228 DIÁRIO DAS SESSÕES N.º 65
O Sr. Pinto Meneres: - E a decisão ficaria influenciada pela intervenção do Governo.
O Sr. Morais Alçada: - Parece-me que a solução pode alcançar-se pela adopção simultânea de mais de um sistema; de mais do que um mecanismo: um que diria respeito para os casos de divergência de interpretação superior em estado, digamos, latente. E então para essa modalidade interviria o legislador. Na hipótese de haver interposição de recurso para o pleno, apoiada em divergência de julgados, invocados aí pelo próprio interessado, então o Supremo ficaria, em sistema futuro, também com poderes para unificar o conflito de interpretações.

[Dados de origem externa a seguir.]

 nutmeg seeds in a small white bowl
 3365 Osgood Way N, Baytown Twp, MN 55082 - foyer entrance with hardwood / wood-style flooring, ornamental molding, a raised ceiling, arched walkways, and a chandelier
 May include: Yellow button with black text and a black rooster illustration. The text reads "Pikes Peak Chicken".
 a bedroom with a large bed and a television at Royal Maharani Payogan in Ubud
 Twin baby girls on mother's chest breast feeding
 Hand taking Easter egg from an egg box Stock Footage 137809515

O Sr. Carlos Borges: - Suponho que tenha sido enunciado o aviso prévio. Neste caso, VV. Ex.ªs podem pedir a generalização do debate e a expor na tribuna os seus pontos de vista.

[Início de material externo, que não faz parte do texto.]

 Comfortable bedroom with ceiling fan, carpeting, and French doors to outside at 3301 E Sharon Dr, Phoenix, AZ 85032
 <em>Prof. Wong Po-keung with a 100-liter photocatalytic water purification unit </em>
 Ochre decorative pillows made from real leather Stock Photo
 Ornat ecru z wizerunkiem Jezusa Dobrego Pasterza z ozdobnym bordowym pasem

O Orador: - A solução poderia também estar em o tribunal pleno resolver apenas o caso subjudice, quando não obtivesse a maioria dos dois terços; .mas o assunto ser depois submetido ao Ministério da Justiça para resolver, querendo, de uma forma geral, o conflito em aberto.

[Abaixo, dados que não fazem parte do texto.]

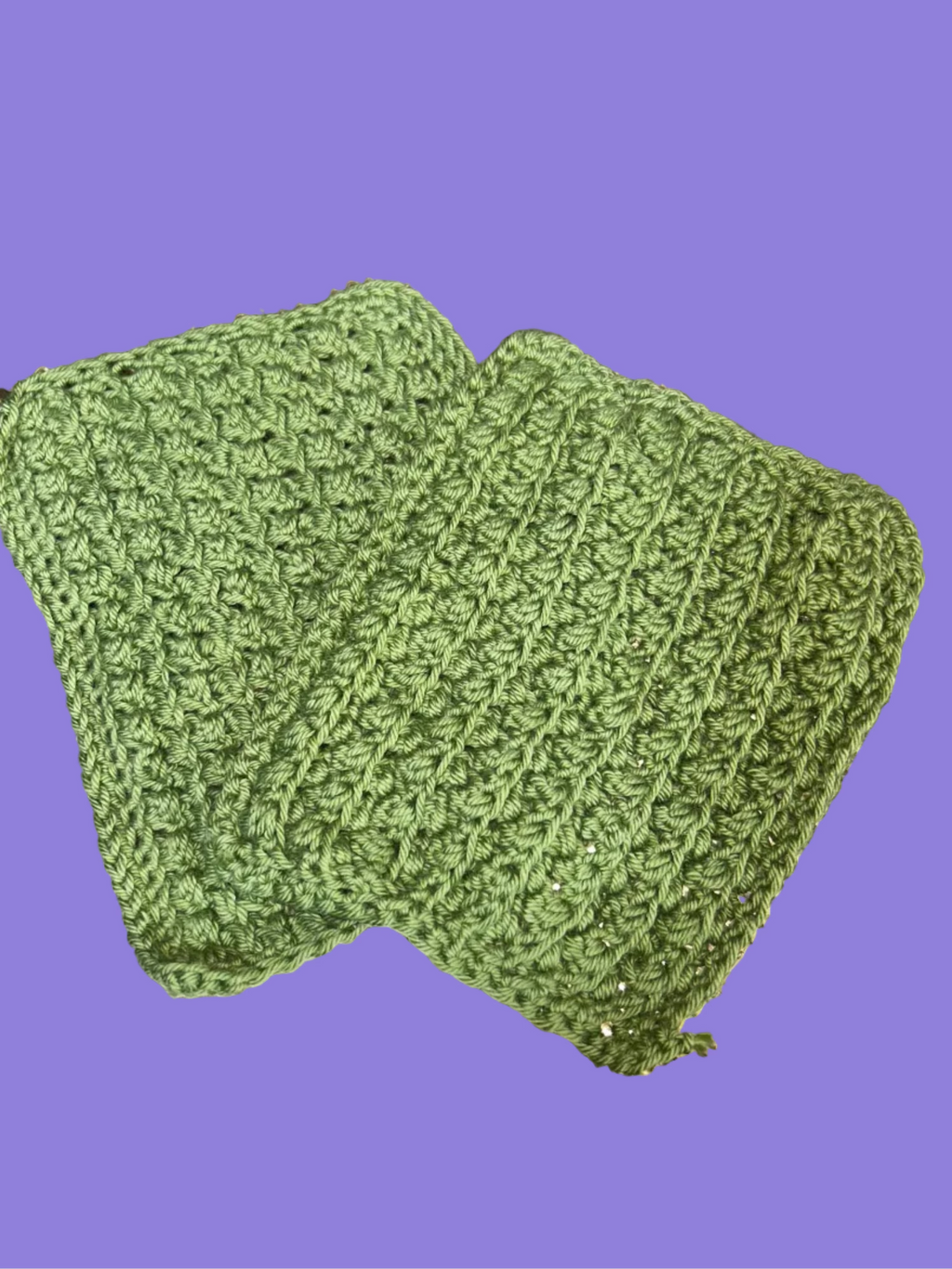 2 handmade crocheted green washcloths.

Outro ponto que carece de urgente intervenção - esse não por culpa do legislador, mas de uma jurisprudência que, sem base na lei, ultimamente se estabeleceu no Supremo Tribunal - é o que se refere ao número de acórdãos a invocar como fundamento do recurso.
Como já referi, estes recursos para o tribunal pleno têm por base a afirmação do recorrente de que o Supremo Tribunal de Justiça, em anterior processo sobre o mesmo ponto de direito e sob o domínio da mesma legislação, proferiu um acórdão contraditório com aquele de que se pretende recorrer.
Ora, o que é que geralmente acontece ?
Acontece que as questões de direito acerca das quais se levantam estes problemas são geralmente complexas e difíceis; por outro lado, as circunstâncias de facto variam de hipótese para hipótese.
Deste modo, quando o Supremo profere uma decisão contrária a certo ponto de vista, o advogado que o defende entra legitimamente em dúvida sobre quais são os anteriores acórdãos do mesmo Tribunal que deve citar como mais contraditórios, digamos assim. Nuns a contradição parece mais flagrante por isto, noutros por aquilo; uns foram proferidos sobre uma questão absolutamente idêntica, outros sobre uma questão que só difere, em seu entender, em pormenores sem interesse.
Mas, já se vê, tudo isto é discutível, tudo isto é contestável.
À cautela, não só no uso de um direito, mas até no cumprimento de um dever, o advogado fundamenta o seu recurso invocando por isso os vários acórdãos de que tem conhecimento. O Supremo vai apreciando-os até encontrar o primeiro que repute realmente contraditório.
Durante cerca de vinte anos assim se procedeu pacificamente, sem suscitar reparo de ninguém.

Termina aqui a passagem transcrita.